「よく分からない反論」の段(2001.6.18)


 つくる会の教科書を巡ってこれまで盗塁王氏に何度か指摘なんかをしてきましたが、それに対して反論がありましたのでそれにたいしてなんか書こうかと思います。

 まず、つくる会の教科書の記述にこんな一節があるそうです。
「これは、数百年にわたる白人の植民地支配にあえいでいた、現地の人々の協力があってこその勝利だった。この日本の緒戦の勝利は、東南アジアやインドの多くの人々に独立への夢と希望を育んだ。」(日本軍が東南アジアで戦ったことについて)
 これが「世界的定説」らしい。
 うわぁ、日本軍って正義のヒーローだったんだ(笑)
 そういう面が無かったとは言わないが、それがメインか?
 盗塁王氏は「みなさんは、どうでしょうか」と読者に下駄を預けているので、私も皆さんの良識に判断を委ねる事にいたしましょう。
 それにしてもどうせなら世界各国の教科書を紹介して「どうだ定説だろう」ぐらいのことは言って欲しかったところですね。

 ステレオタイプの話についてですが、食中毒の影響がまだ残っているらしくかぎりなく的外れです。
 なんかわざわざ書くのも馬鹿馬鹿しいのですが、彼の言う「『雷様』といわれればみんな鬼を想像するだろう」というのがステレオタイプの典型例なんですよね(笑)
 つまり有名な「風神雷神図屏風」やそこから派生したイメージである高木プーのコントの雷様の記憶から日本人の多くは雷に「様」をつけて擬人化したとき「鬼」をイメージするのです。
 彼は「日本人は森羅万象の考え、つまりは『自然現象を起こす時、それは神様が起こしている』という古い古い考えを持っていますね。それは、今現在でもそうです」と鬼を連想したことを根拠にして決め付けていますが、上のような仕組みで連想するだけの話で「自然現象は神様がやってる」と考えているかどうかとは無関係です。
 考えても見て下さい、神様が「鬼」の姿をしている必然性がどこにありますか? むしろ日本の神様のイメージは大和時代のような服装の「人間」のイメージが一般的です。雷様が「鬼」のイメージで語られるようになったのは「風神雷神図屏風」以来だと言われています。
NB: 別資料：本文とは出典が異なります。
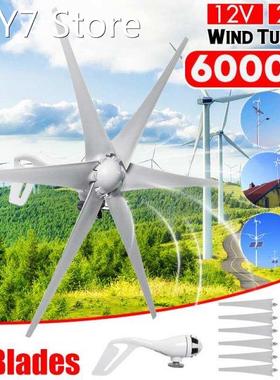 6000W 12V/24V 5 Blade Horizontal Wind Turbine Generator Whit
だから「鬼」を連想するのはステレオタイプの典型だと言うのです。
 そもそも私は「自然現象を起こす時、それは神様が起こしている」なんて非科学的な話は信じてません。日本人が皆そういう考えを持っていると考えることもステレオタイプですね。
 どうでもいいことだが「自然現象を起こす時、それは神様が起こしている」という考えを「森羅万象の考え」とは普通言わないのではないだろうか?

 次にセーフガードの話。
 彼は話を整理するといって「政府が『セーフガードを発令した』→『野党が中国との関係が悪化すると言った』・・・あ、これだけだ」としてこれを否定しようとする私が間違っているかのように細工している。
 「整理する」という言葉には「都合の悪いことはなかったことにする」という意味は含まれませんよ、盗塁王さん。
 盗塁王氏は自分が「(野党が)『中国との関係』>『日本の国益』と言う」と書いたことを意図的にかどうか知らないが見ない振りをしている。
 私は「野党が『中国との関係』>『日本の国益』と言った」というのはおかしいだろうと指摘したまでで、野党が中国との関係が悪化すると言ったことを否定したことは一切無い。
 議論をするつもりがあるならもう少しフェアにやってもらいたいものだ。小細工をしたってすぐに反論されるんだし。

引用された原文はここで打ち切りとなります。